Zhixiong Pan|Apr 11, 2025 13:53
According to this article, it is a good opportunity to learn about Backpack and clearing mechanisms.
In extreme market conditions, the orderly progress of clearing directly determines the security of the exchange and the preservation of user assets. Backpack adopts a multi-level clearing mechanism, striving to protect users while maintaining system stability.
Whether trading in the field of encryption or traditional finance, one will face fluctuations and risks. If the risk control and liquidation mechanisms are insufficient, an extreme market situation may lead to financial losses and even bankruptcy.
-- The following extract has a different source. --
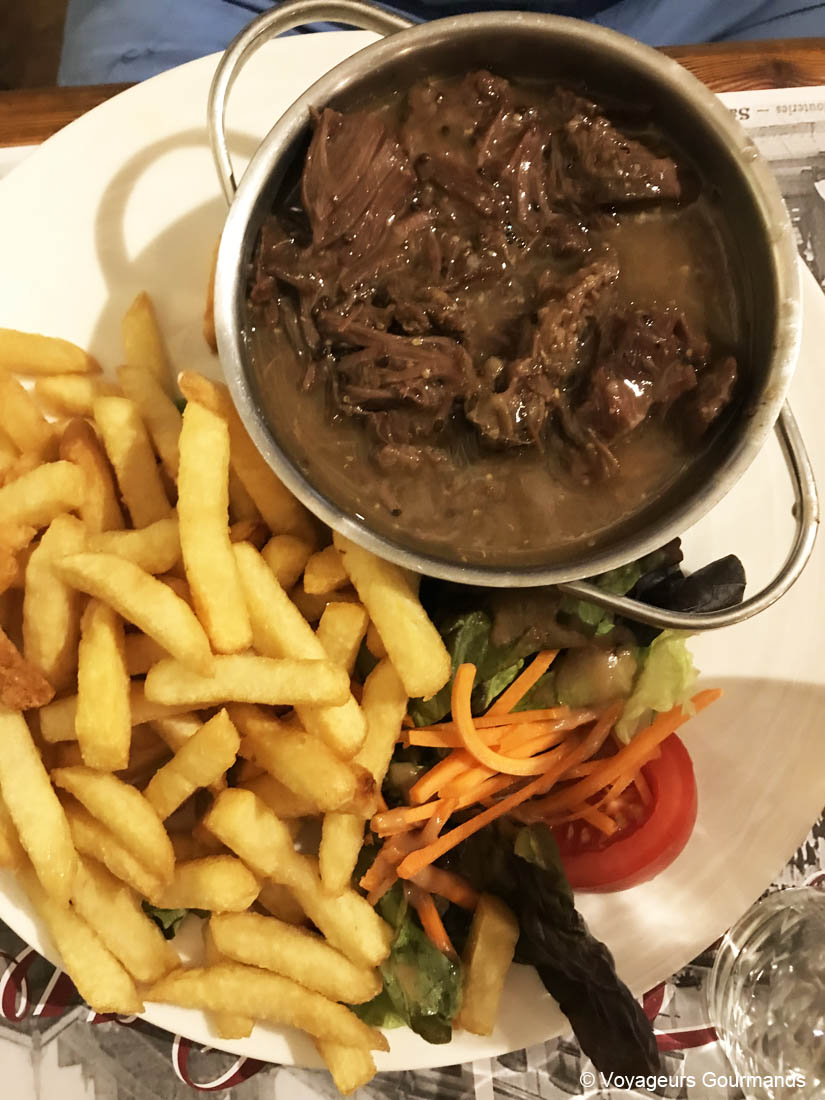 journee a Saint-Omer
The lesson of FTX tells us that a so-called powerful risk control engine, without transparency and auditing, can also lead to disasters.
Liquidation logic:
1. Clearing in the order book: When the user's margin maintenance rate reaches a critical value, the system first cancels unexecuted orders and attempts to sell or hedge them in batches on the pending order book at the best possible price. This can reduce the impact on the market and leave room for users.
2. Backstop: If the liquidity of the order book is insufficient or the market fluctuates excessively, the system will transfer the position to the market makers participating in the backstop plan, who will take on the risk and profit from it. This avoids further impact on the market.
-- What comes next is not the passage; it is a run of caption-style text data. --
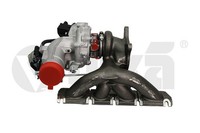 Vika Lader Aufladung 11450958801 FüR VW Passat CC B6 357 B7 358 Alltrack Variant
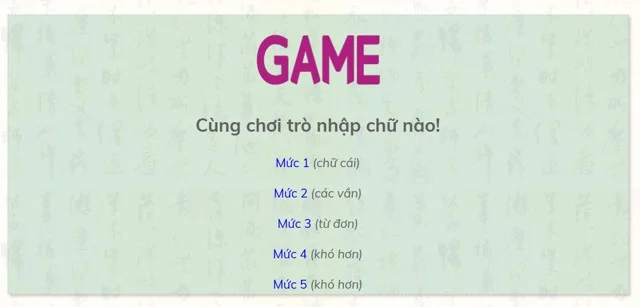 Ứng Dụng Đánh Vần Tiếng Việt 3 Ứng Dụng Đánh Vần Tiếng Việt 3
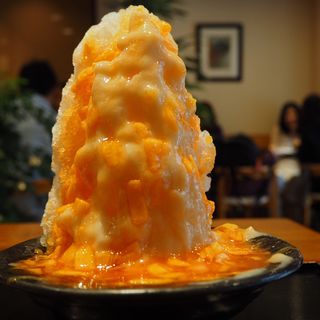 赤肉メロン(目白志むら)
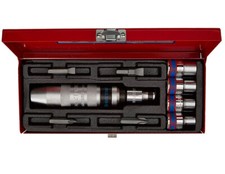 Coffret tournevis frapper - a,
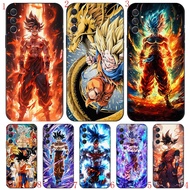for Samsung J4 J6 J8 Plus or Prime J2 J5 J7 Prime Core J730 Pro S6 Edge Compatibility TPU Phone Case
3. Automatic reduction of inventory (ADL): If neither of the first two steps can complete the liquidation, it enters the final security mechanism. The system enforces hedging or reduction of positions to ensure overall risk is zero and prevent platform defaults.
Many exchanges in the industry engage in self operated market making, which may provide additional motivation for clearing targets, such as wanting to make as much profit as possible from the price difference. Backpack does not operate self operated market making, and has no intention of clearing profits or monopolizing clearing traffic. Instead, it allows the market to complete spontaneously, which is theoretically more fair and transparent.
Clearing is not meant to bring down users, but a necessary process for exchanges to maintain stability and protect more investors. Any margin system must accept bankruptcy or liquidation as a legal state, otherwise it ignores the reality of extreme risks. For users who want to gain a deeper understanding of a certain exchange, it is necessary to pay attention to both its risk control and clearing mechanisms, as this is the true last line of defense to protect assets.